THE RECORDS:
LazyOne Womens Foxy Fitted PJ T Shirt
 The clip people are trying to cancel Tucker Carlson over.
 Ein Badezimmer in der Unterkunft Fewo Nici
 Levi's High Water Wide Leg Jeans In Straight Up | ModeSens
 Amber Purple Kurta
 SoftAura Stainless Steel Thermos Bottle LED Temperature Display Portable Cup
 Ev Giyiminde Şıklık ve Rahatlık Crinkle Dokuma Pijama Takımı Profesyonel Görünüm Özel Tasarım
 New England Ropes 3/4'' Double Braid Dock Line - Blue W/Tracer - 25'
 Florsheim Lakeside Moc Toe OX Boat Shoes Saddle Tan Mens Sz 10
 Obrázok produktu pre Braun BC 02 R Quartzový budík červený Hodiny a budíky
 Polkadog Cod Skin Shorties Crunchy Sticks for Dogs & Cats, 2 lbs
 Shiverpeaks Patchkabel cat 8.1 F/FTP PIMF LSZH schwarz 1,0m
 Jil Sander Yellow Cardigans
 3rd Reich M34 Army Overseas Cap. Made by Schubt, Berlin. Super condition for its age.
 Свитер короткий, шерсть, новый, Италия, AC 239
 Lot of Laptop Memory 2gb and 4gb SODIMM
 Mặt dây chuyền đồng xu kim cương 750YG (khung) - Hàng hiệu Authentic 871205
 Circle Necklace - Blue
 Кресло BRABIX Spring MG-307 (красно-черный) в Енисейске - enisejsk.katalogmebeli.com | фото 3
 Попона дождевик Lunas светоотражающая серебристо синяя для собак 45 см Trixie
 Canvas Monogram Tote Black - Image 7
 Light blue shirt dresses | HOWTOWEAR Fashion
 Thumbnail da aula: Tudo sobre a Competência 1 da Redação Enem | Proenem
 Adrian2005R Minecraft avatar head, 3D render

TASK GOAL: Please write the full listing out again, exactly.

SOLUTION:
LazyOne Womens Foxy Fitted PJ T Shirt
 The clip people are trying to cancel Tucker Carlson over.
 Ein Badezimmer in der Unterkunft Fewo Nici
 Levi's High Water Wide Leg Jeans In Straight Up | ModeSens
 Amber Purple Kurta
 SoftAura Stainless Steel Thermos Bottle LED Temperature Display Portable Cup
 Ev Giyiminde Şıklık ve Rahatlık Crinkle Dokuma Pijama Takımı Profesyonel Görünüm Özel Tasarım
 New England Ropes 3/4'' Double Braid Dock Line - Blue W/Tracer - 25'
 Florsheim Lakeside Moc Toe OX Boat Shoes Saddle Tan Mens Sz 10
 Obrázok produktu pre Braun BC 02 R Quartzový budík červený Hodiny a budíky
 Polkadog Cod Skin Shorties Crunchy Sticks for Dogs & Cats, 2 lbs
 Shiverpeaks Patchkabel cat 8.1 F/FTP PIMF LSZH schwarz 1,0m
 Jil Sander Yellow Cardigans
 3rd Reich M34 Army Overseas Cap. Made by Schubt, Berlin. Super condition for its age.
 Свитер короткий, шерсть, новый, Италия, AC 239
 Lot of Laptop Memory 2gb and 4gb SODIMM
 Mặt dây chuyền đồng xu kim cương 750YG (khung) - Hàng hiệu Authentic 871205
 Circle Necklace - Blue
 Кресло BRABIX Spring MG-307 (красно-черный) в Енисейске - enisejsk.katalogmebeli.com | фото 3
 Попона дождевик Lunas светоотражающая серебристо синяя для собак 45 см Trixie
 Canvas Monogram Tote Black - Image 7
 Light blue shirt dresses | HOWTOWEAR Fashion
 Thumbnail da aula: Tudo sobre a Competência 1 da Redação Enem | Proenem
 Adrian2005R Minecraft avatar head, 3D render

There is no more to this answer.